:: RECORDS TO USE

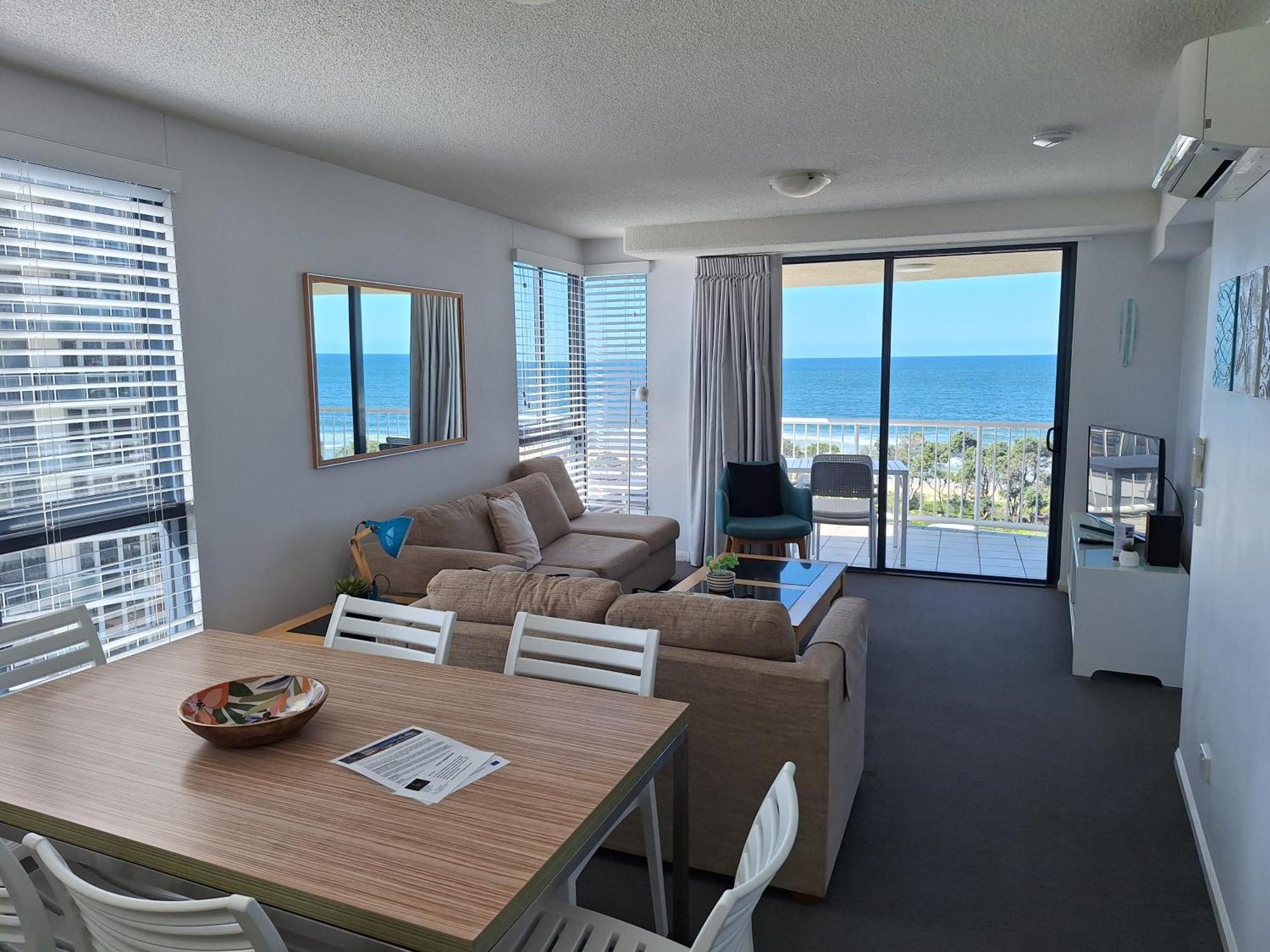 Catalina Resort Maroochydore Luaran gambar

::::
:: RECORDS TO USE

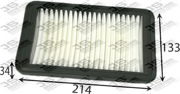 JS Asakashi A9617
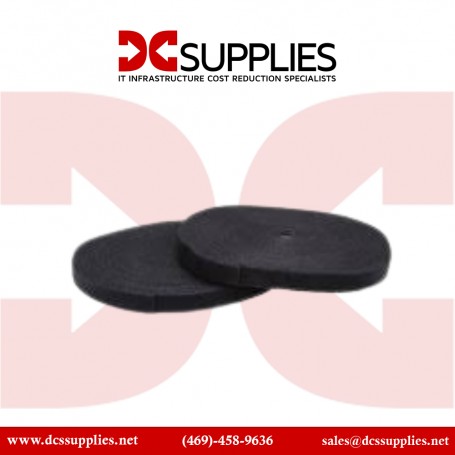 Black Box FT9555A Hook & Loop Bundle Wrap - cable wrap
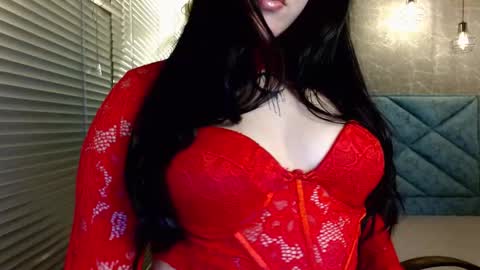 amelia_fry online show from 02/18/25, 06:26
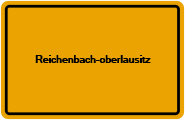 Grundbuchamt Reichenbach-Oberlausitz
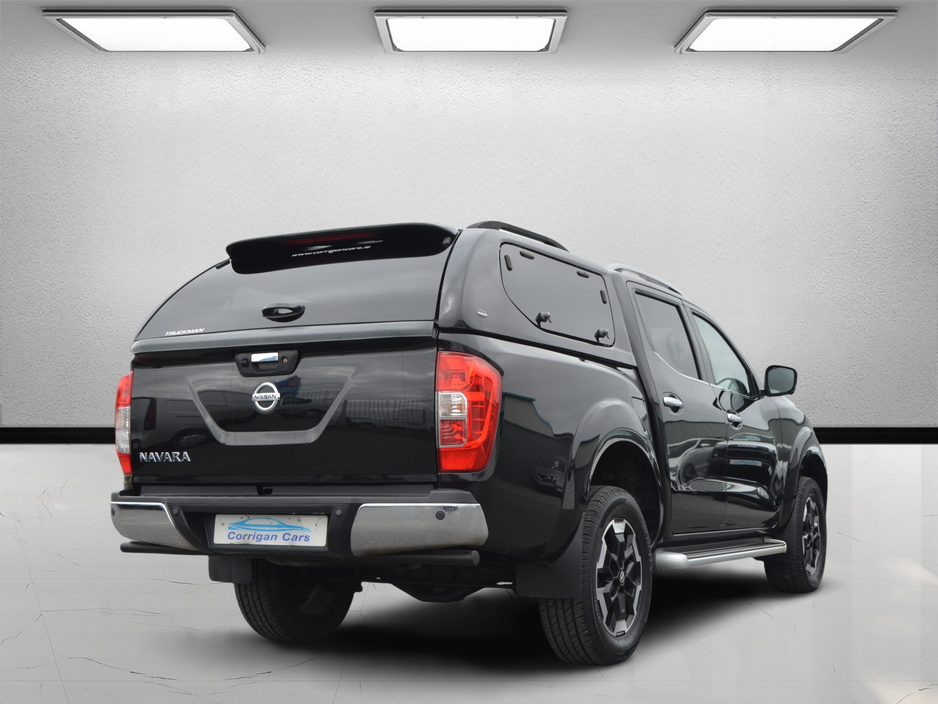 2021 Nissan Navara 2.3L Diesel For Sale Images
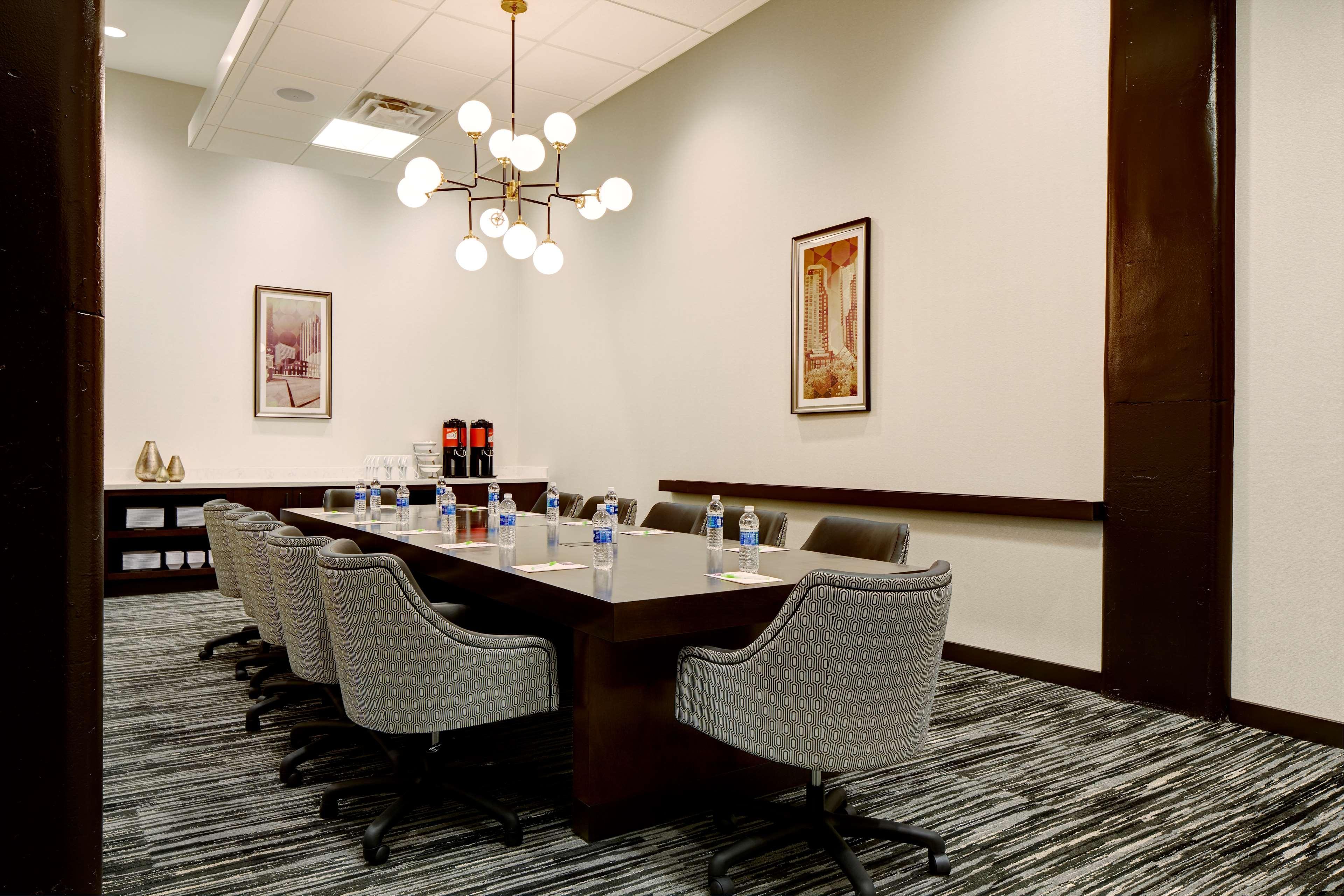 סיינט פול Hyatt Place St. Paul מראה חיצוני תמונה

::::
:: RECORDS TO USE

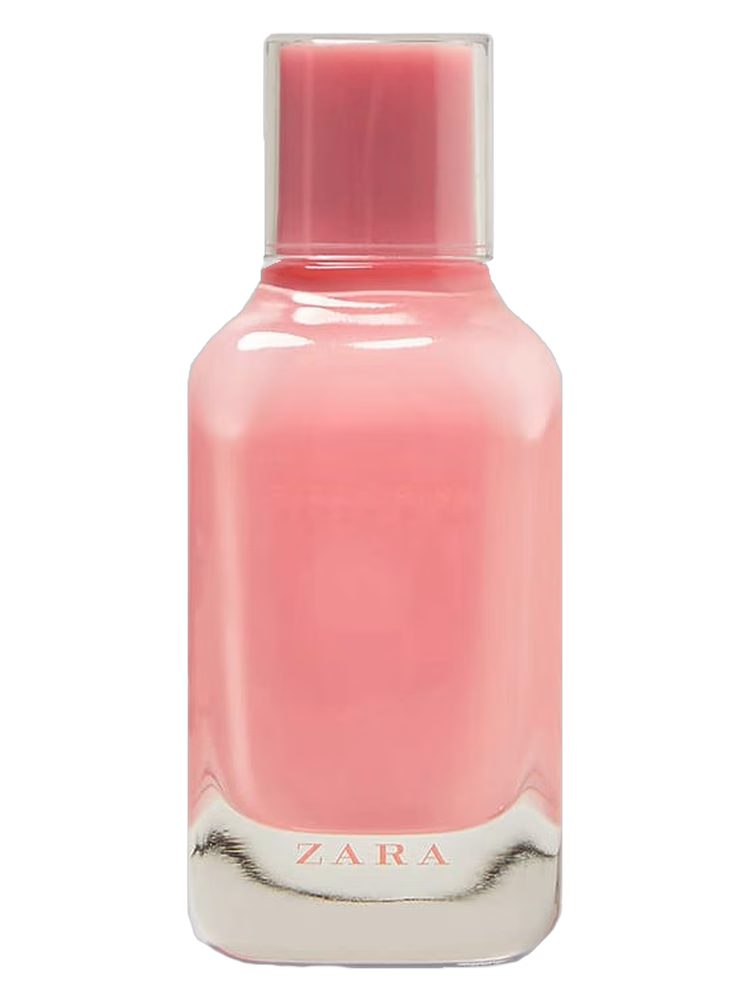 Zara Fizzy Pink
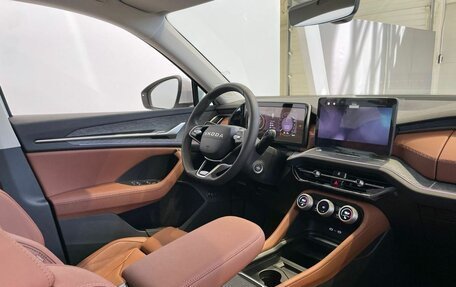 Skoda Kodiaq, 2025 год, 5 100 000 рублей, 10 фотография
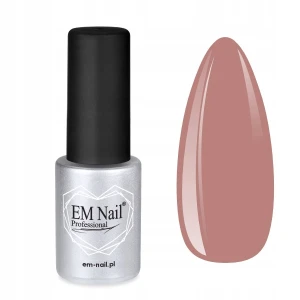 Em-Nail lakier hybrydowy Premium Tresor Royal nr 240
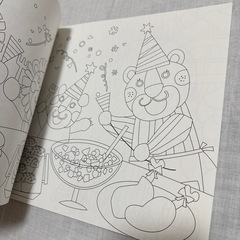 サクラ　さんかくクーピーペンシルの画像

::::

WORK TO BE COMPLETED: In the listing above, find the line with "Black Box FT9555A" and the line with "סיינט פול Hyatt". Set down both and every line between them, minus the pictures.

EXERCISE SOLUTION:
 Black Box FT9555A Hook & Loop Bundle Wrap - cable wrap
 amelia_fry online show from 02/18/25, 06:26
 Grundbuchamt Reichenbach-Oberlausitz
 2021 Nissan Navara 2.3L Diesel For Sale Images
 סיינט פול Hyatt Place St. Paul מראה חיצוני תמונה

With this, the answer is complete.